By John Katsilometes / Las Vegas Review-Journal
Just days before he died, Johnny Thompson enjoyed his life’s passion: working with magicians.
Thompson, the legendary showman known as “The Great Tomsoni” and an inspiration to generations of magicians, died Saturday afternoon at Spring Valley Hospital Medical Center in Las Vegas. He was 84.
A consultant on Penn & Teller’s “Fool Us” on the CW, Thompson collapsed Feb. 25 as the show was in rehearsals at the Rio. The famed illusionist was reportedly unresponsive for several minutes, but regained consciousness as he was rushed to the hospital. Thompson has had a history of respiratory problems.
Thompson was a model Vegas showman, usually tuxedo-clad, working with his wife and ditsy stage assistant, Pam. The team developed a highly popular comedy-illusion act, with Thompson’s artistry effectively offset by Pam’s gum-chewing, eye-rolling responses. The duo were a well-known specialty act on the Strip in the 1970s and ’80s.
Thompson performed myriad roles in entertainment — as an actor, musician, writer, consultant make-up artist, clown and even a wrestler early in his career. He started his professional career in 1951 as a harmonica player who toured and recorded with Jerry Murad’s Harmonicats for seven years. He returned to magic, and developed his act with Pam, called The Great Tomsoni and Company. The two toured internationally and made numerous TV appearances as they became a Vegas showroom favorite.
The Academy of Magical Arts has honored Thompson with the award for Best Stage Magician and its highest award, the Master’s Fellowship.
Along with Penn & Teller, Thompson was friendly with, and worked as a consultant with, such Las Vegas stars as Siegfried & Roy; Criss Angel, especially the first couple of seasons of Angel’s “Mindfreak” TV show; David Copperfield; Lance Burton; Mac King; Mat Franco; and David Blaine. He was friends with such long-running Vegas performers as Mike Hammer and Murray Sawchuck, among many others.
Thompson was also close with comic and talk-show host Arsenio Hall, himself an accomplished magician.

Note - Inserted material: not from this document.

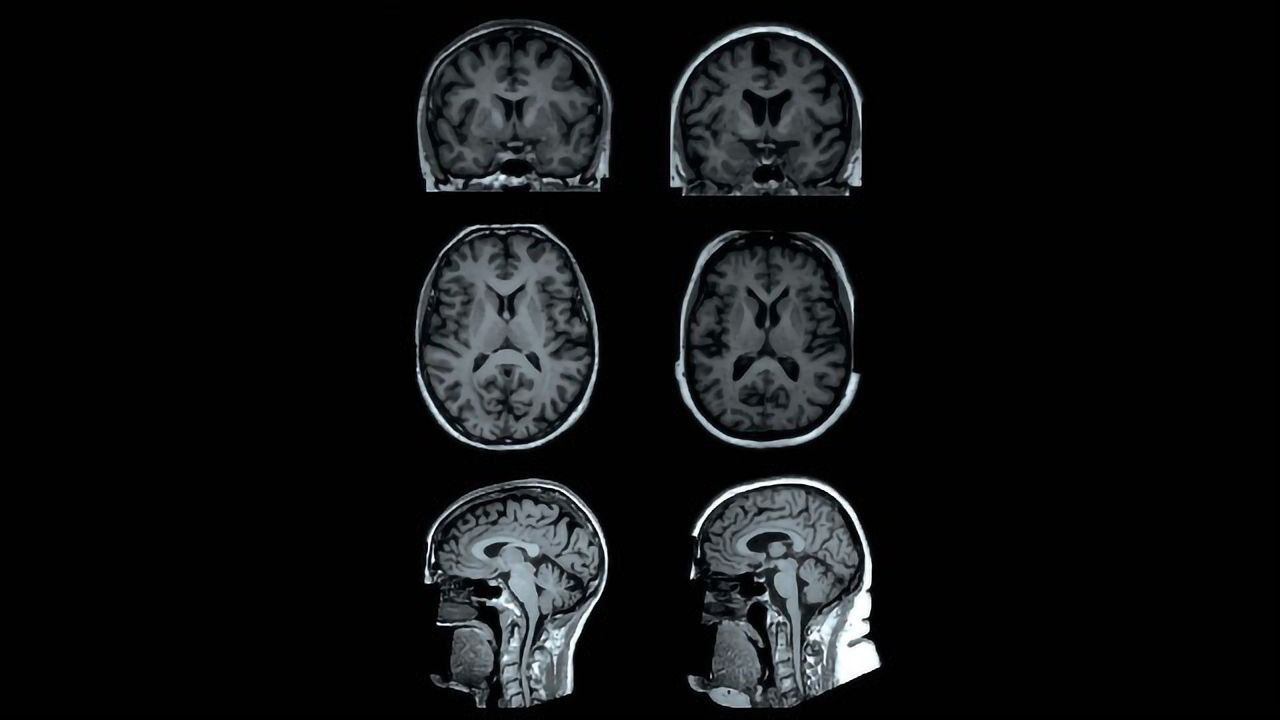 Obesity Linked to Changes in Brain Structure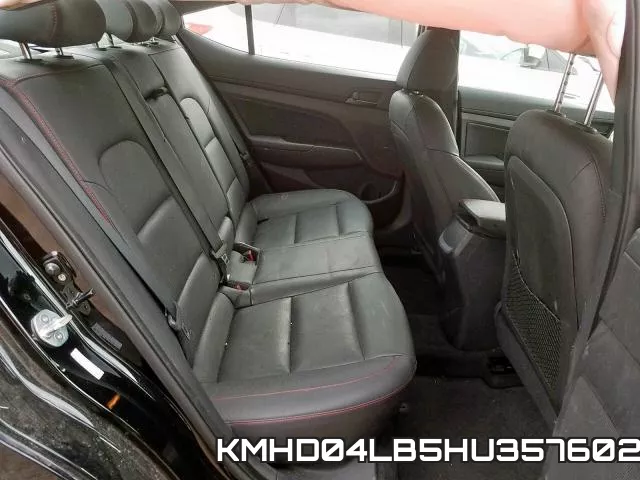 KMHD04LB5HU357602 фото 7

In 2017, Penn & Teller revived a seven-minute segment of “The Great Tomsoni and Company” routine for their live show at the Rio. Jillette had also produced a documentary of he and Thompson performing Thompson’s “A Gambler’s Ballad.”

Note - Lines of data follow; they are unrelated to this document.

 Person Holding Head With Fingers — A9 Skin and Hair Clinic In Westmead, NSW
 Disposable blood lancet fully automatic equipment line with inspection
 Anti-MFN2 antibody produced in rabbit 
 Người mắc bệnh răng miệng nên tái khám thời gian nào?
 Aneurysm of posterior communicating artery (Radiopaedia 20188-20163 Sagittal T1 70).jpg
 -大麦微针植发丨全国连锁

The project began as Jillette’s attempt to learn the famous Thompson card trick based on the 52-stanza poem of the same name. The two performed a live version of the trick at the Orleans in August 2017.
The mutual affection showed as the two veteran entertainers worked out the routine. At one point, as Jillette narrated the piece, one of their microphones buzzed through the theater.

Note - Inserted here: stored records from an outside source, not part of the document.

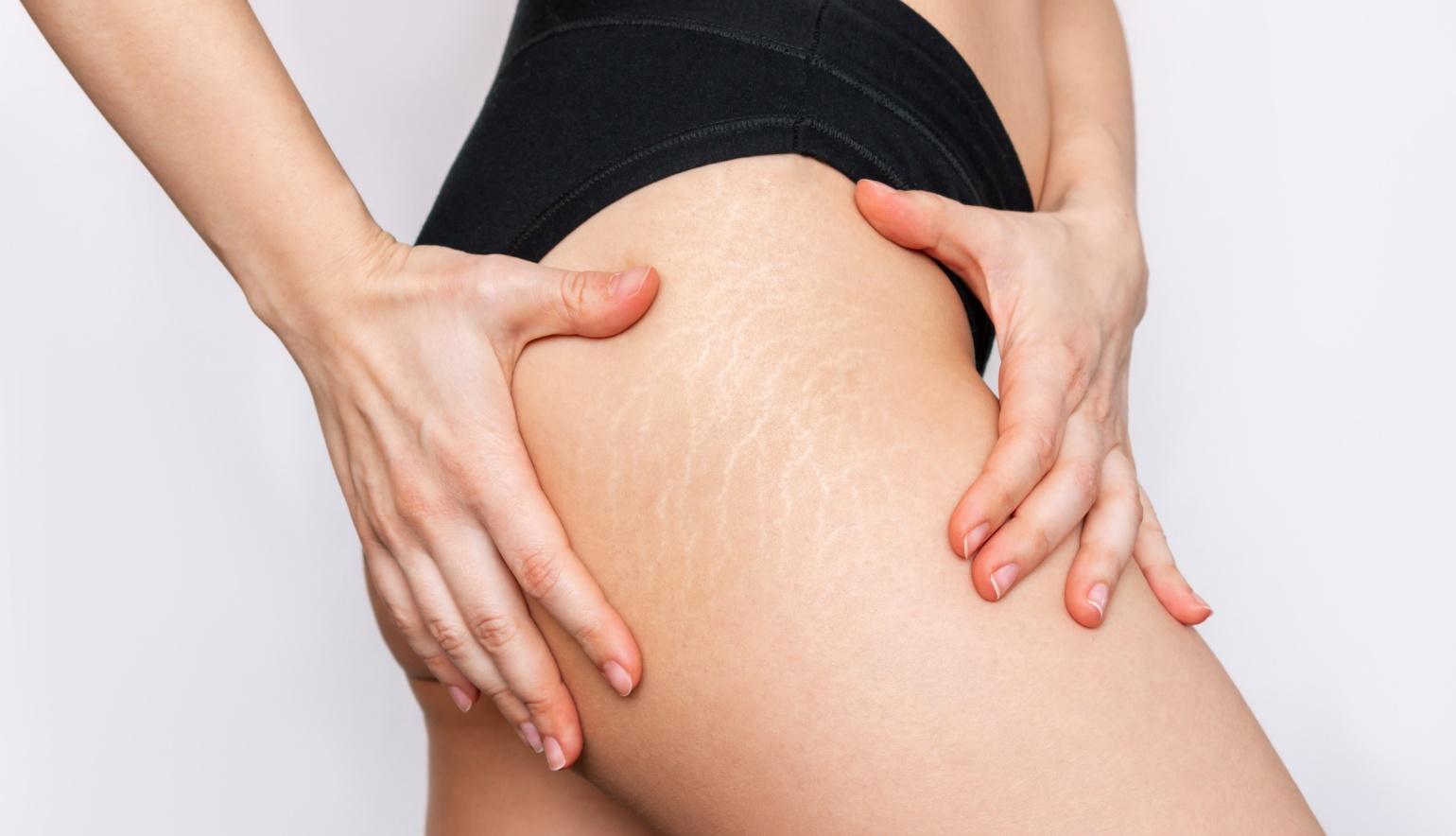 Comment faire disparaître les vergetures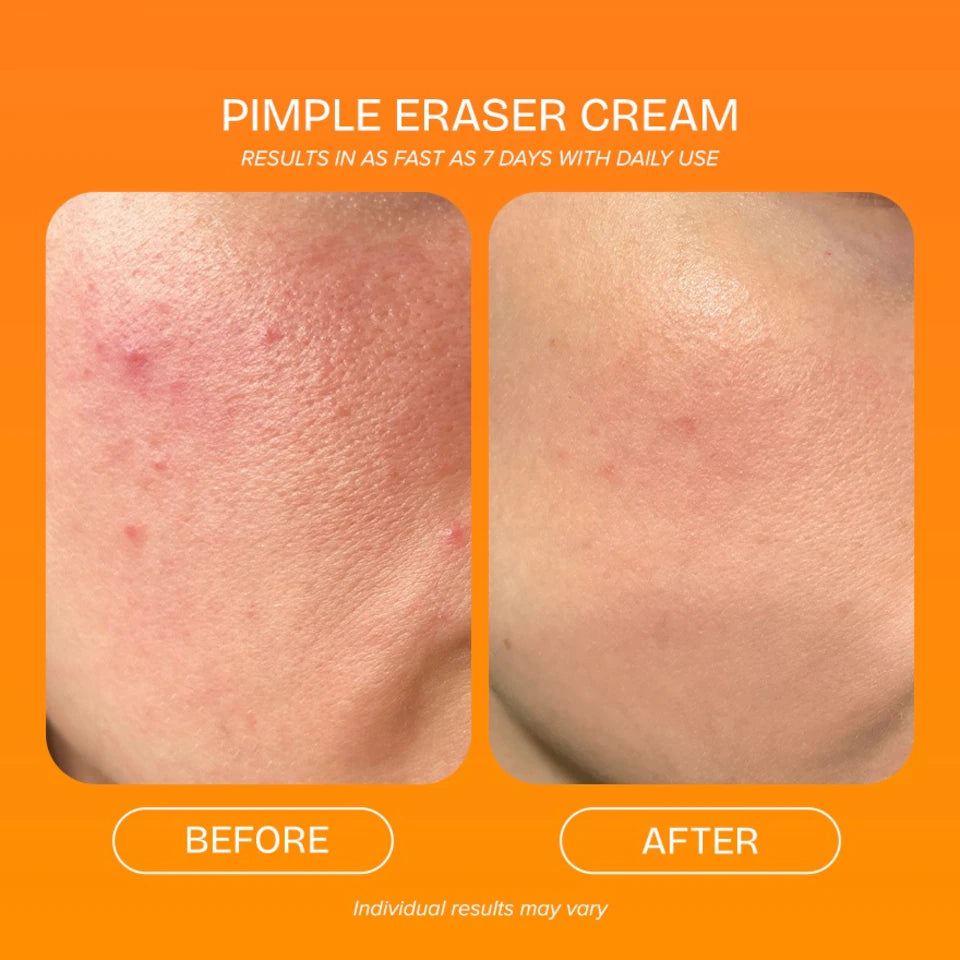 QUICKFX Pimple Eraser 30g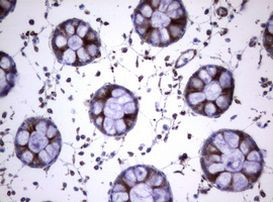 TNFRSF8 Antibody in Immunohistochemistry (Paraffin) (IHC (P))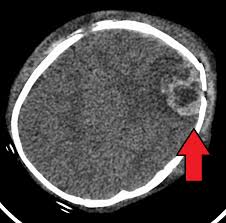 Shaken Baby Syndrome Wikipedia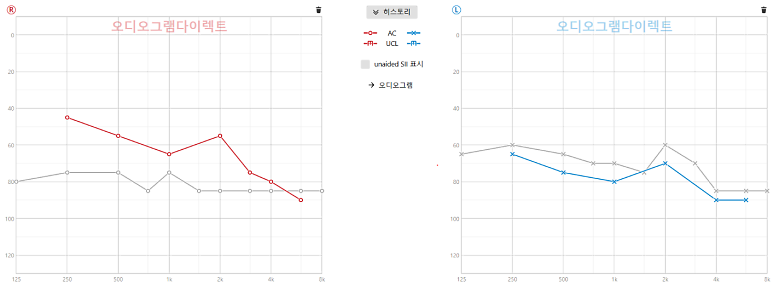 정확한 청력검사를 위한 기본, 검사장비 보정이 왜 중요할까?
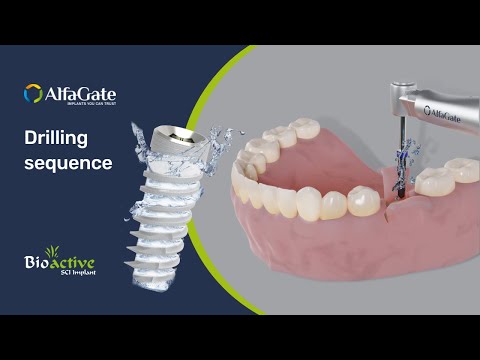 Introducing Bioactive Implants: Ideal for challenging cases, including compromised bone density. Features resorbable calcium phosphate surface, attracting stem cells for accelerated healing in 6-10 weeks. Crafted from Titanium Alloy Ti 6Al 4V ELI with biocompatible CaP Hydrophilic surface.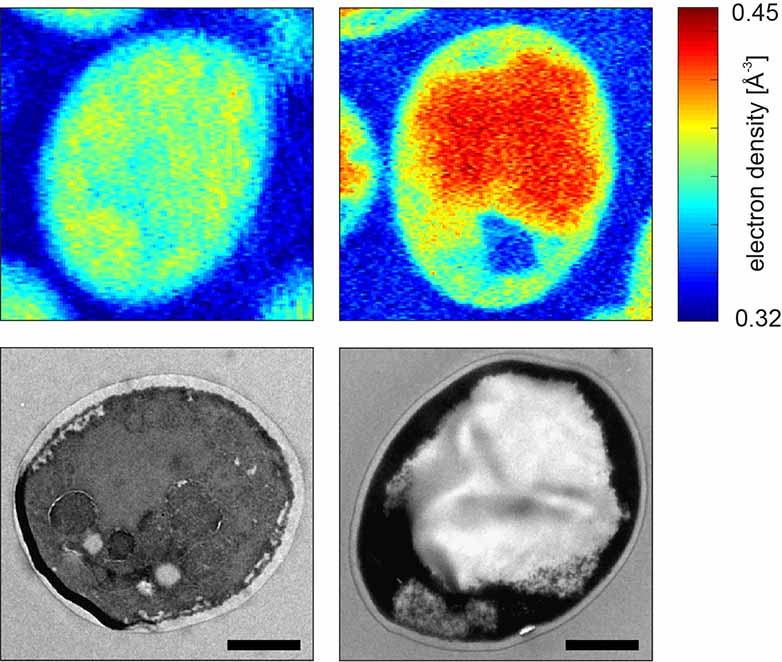 Stärkeproduzierende Hefezellen dargestellt durch ptychographische Kryo-Röntgentomographie (oben) und Elektronenmikroskopie (unten). Die Zellen links sind unverändert und bilden keine Stärke. Der Balken entspricht 1 µm.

Thompson turned to Jillette and said, “I think that’s you!”
“How do I make it stop?” Jillette asked. Thompson, with a mocking glare, said, “By shutting your mouth!” The crowd laughed, and the act continued, flawlessly.
Jillette posted the message “I miss him so much” on his Twitter page, along with a photo of he and Thompson. The Penn and Teller Instagram also posted a photo of the magic duo with Thompson and Pam, with the post, “Thank you, Johnny. We love you.”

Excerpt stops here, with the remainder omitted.